(Information given begins)

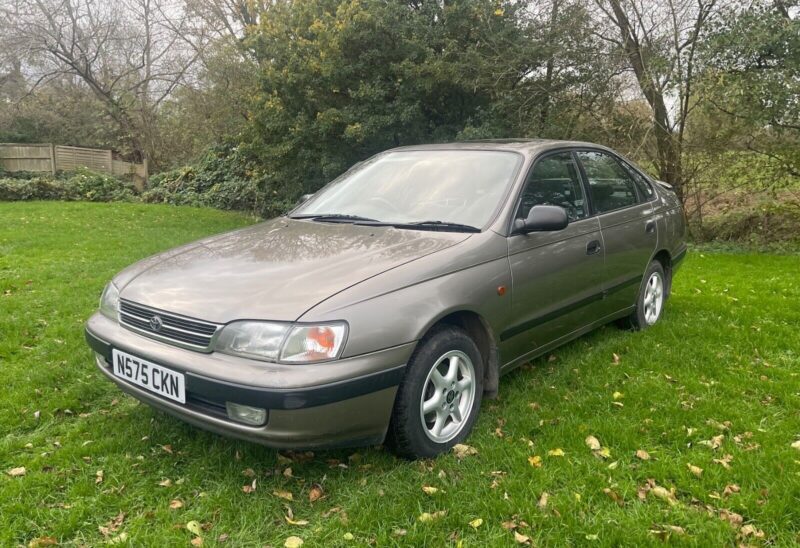 TOYOTA Carina e GLi 1.6 Auto HATCH Electric Sunroof . Extensive Service History Image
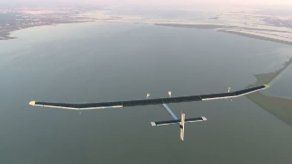 Avión solar Solar Impulse inició su viaje a través de EEUU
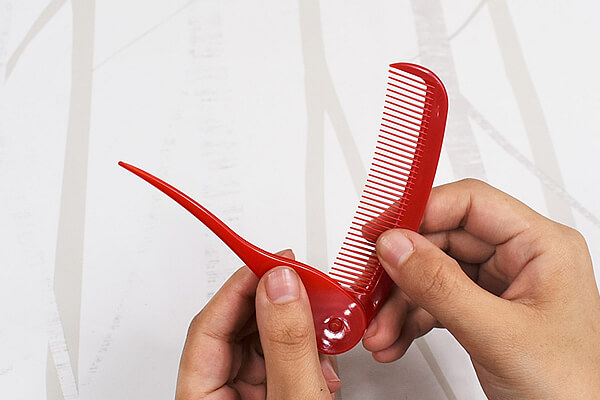 【ダイソーVSセリア】100均「コーム」対決！　髪にこだわるなら携帯したい折りたたみ式の画像3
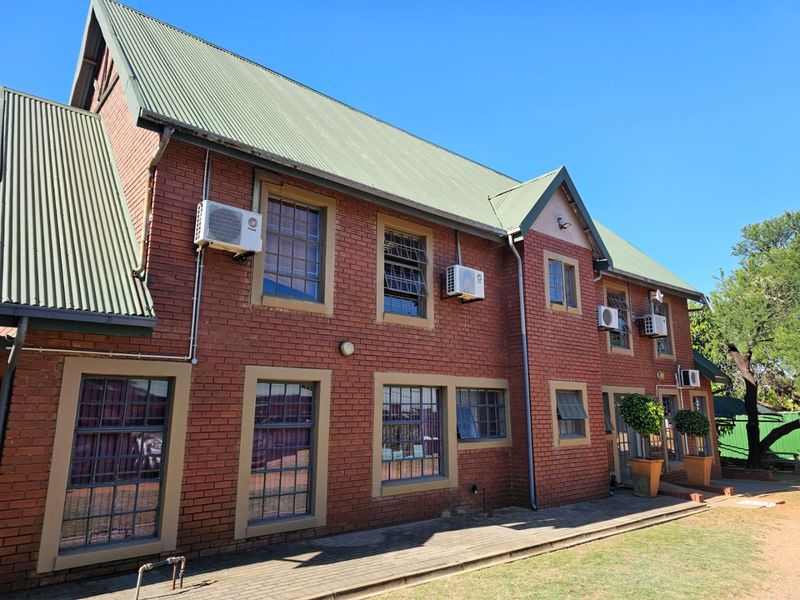 PRIME LOCATION, BUSINESS OPPURTUNITY. - Photo 5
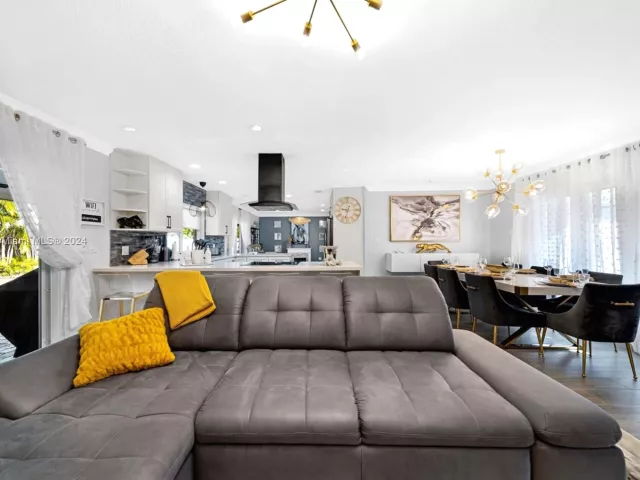 Дом в аренду по адресу 5801 NE 18th Ter - фото 4896018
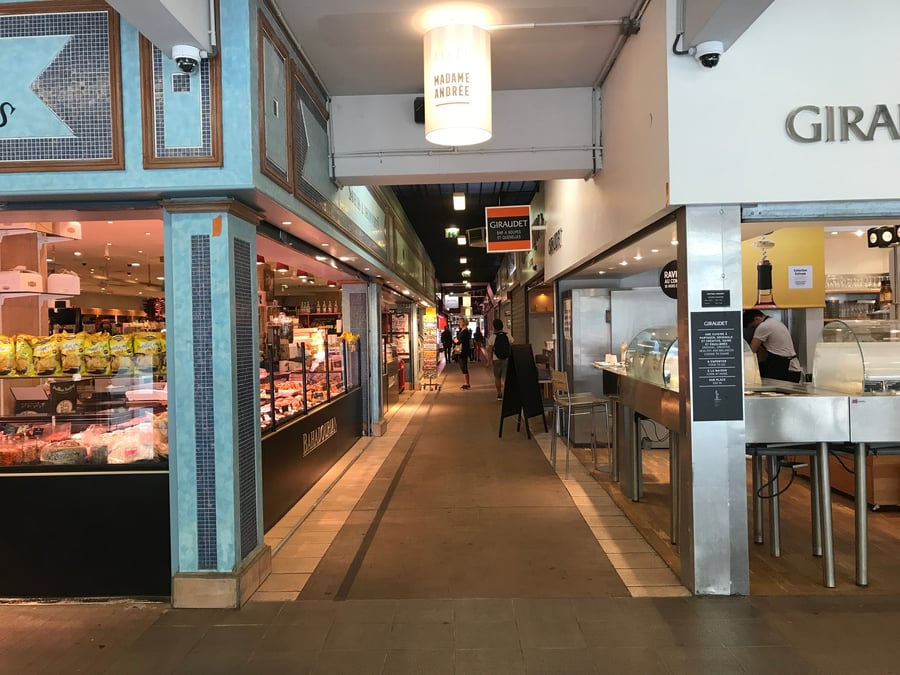 Si les marchés sont désormais suspendus à Lyon, les halles alimentaires, comme les Halles Paul Bocuse restent ouvertes.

(Information given ends)

- [Directions for this task]:
Write the lines from the one containing "Дом в аренду" through the end of the data above exactly as they appear, and do not carry over any picture.

- [Solution to this problem]:
 Дом в аренду по адресу 5801 NE 18th Ter - фото 4896018
 Si les marchés sont désormais suspendus à Lyon, les halles alimentaires, comme les Halles Paul Bocuse restent ouvertes.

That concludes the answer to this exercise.